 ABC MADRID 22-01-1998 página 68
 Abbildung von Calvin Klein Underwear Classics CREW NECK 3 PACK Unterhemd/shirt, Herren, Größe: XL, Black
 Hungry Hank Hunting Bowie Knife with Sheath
+++
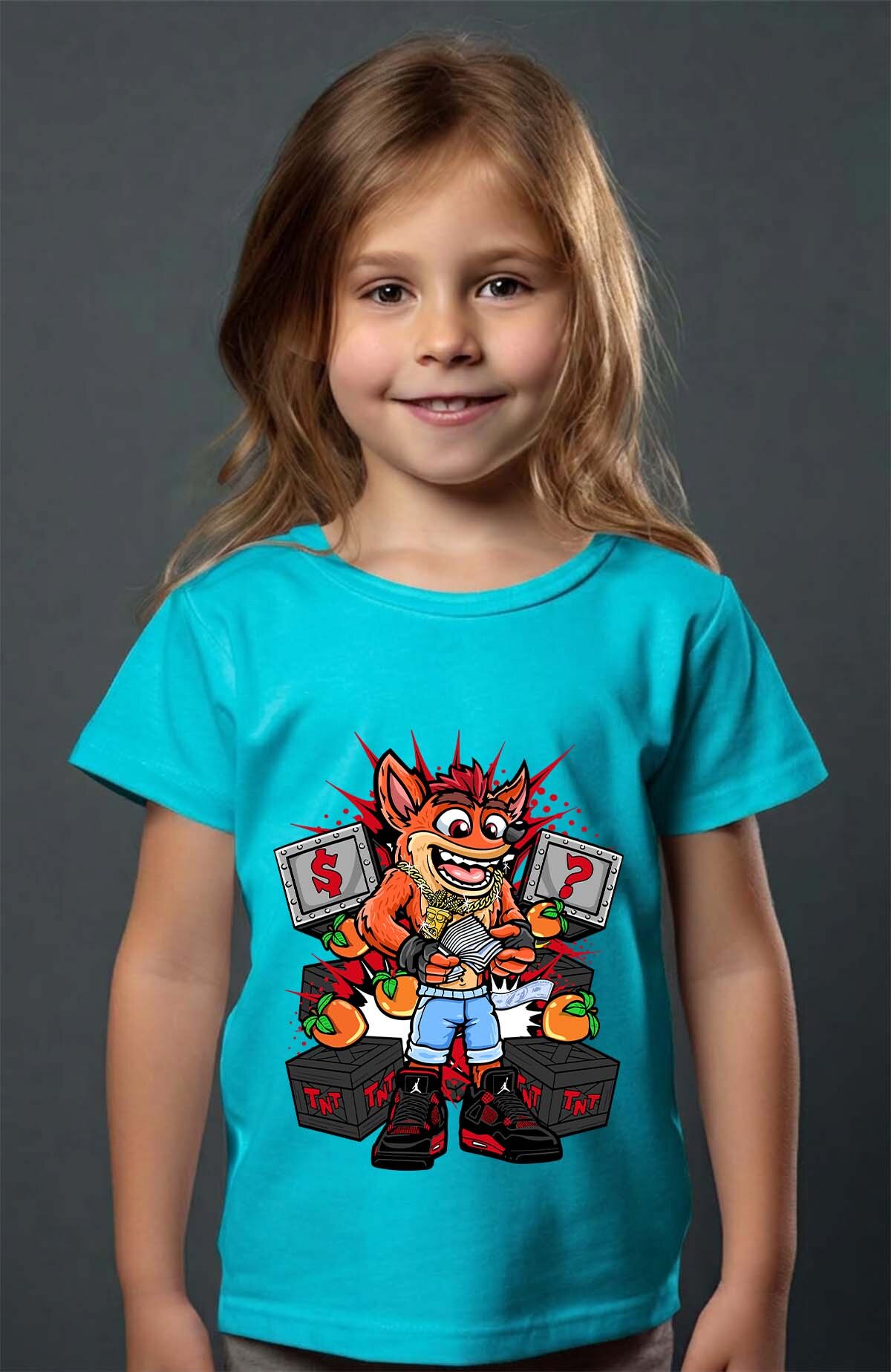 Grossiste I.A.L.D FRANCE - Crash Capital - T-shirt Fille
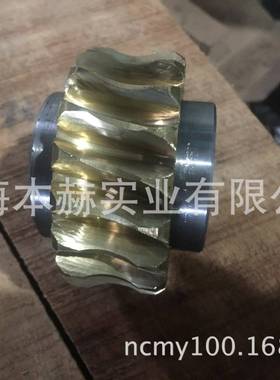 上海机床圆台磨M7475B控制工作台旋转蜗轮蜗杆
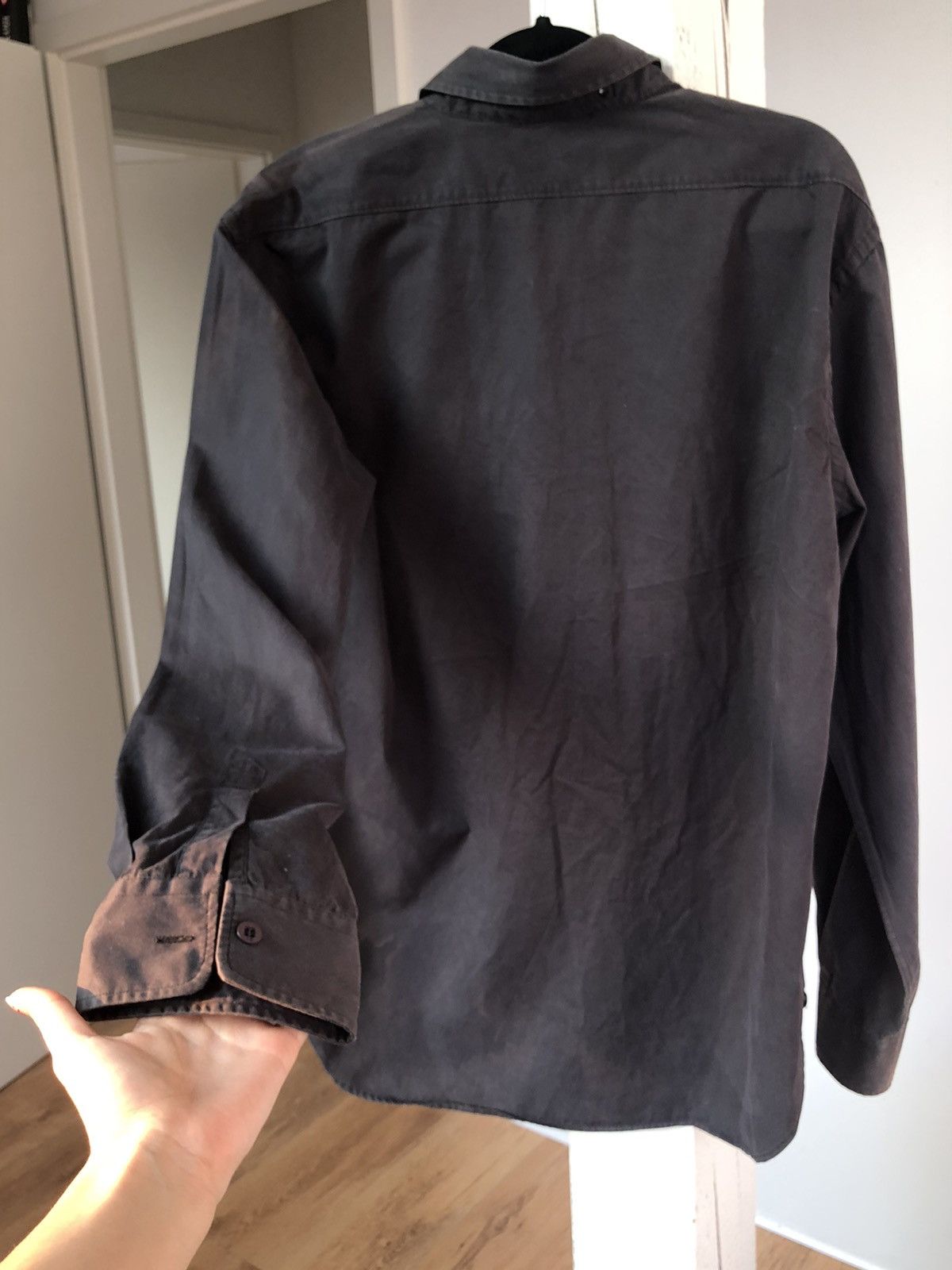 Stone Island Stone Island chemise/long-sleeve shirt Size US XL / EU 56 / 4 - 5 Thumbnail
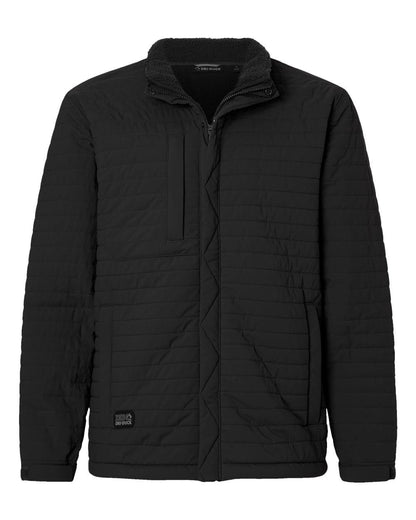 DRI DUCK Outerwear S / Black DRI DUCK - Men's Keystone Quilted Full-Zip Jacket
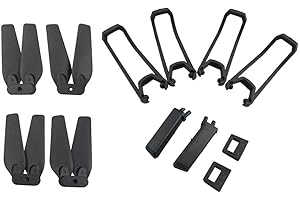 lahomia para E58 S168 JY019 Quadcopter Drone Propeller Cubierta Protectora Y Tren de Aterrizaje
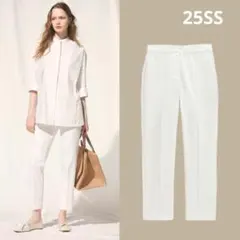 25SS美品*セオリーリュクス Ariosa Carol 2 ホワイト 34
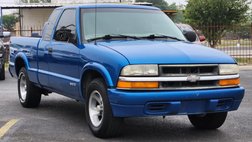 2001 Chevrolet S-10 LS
+++
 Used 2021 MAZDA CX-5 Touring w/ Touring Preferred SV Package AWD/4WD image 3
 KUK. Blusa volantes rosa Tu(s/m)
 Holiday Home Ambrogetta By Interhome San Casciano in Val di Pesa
+++
Work to complete: Copy out, word for word, the part of the entries above that begins at the line with "ABC MADRID 22-01-1998 página 68" and ends at the line with "Hungry Hank Hunting Bowie Knife with Sheath", including both.

Task result:
 ABC MADRID 22-01-1998 página 68
 Abbildung von Calvin Klein Underwear Classics CREW NECK 3 PACK Unterhemd/shirt, Herren, Größe: XL, Black
 Hungry Hank Hunting Bowie Knife with Sheath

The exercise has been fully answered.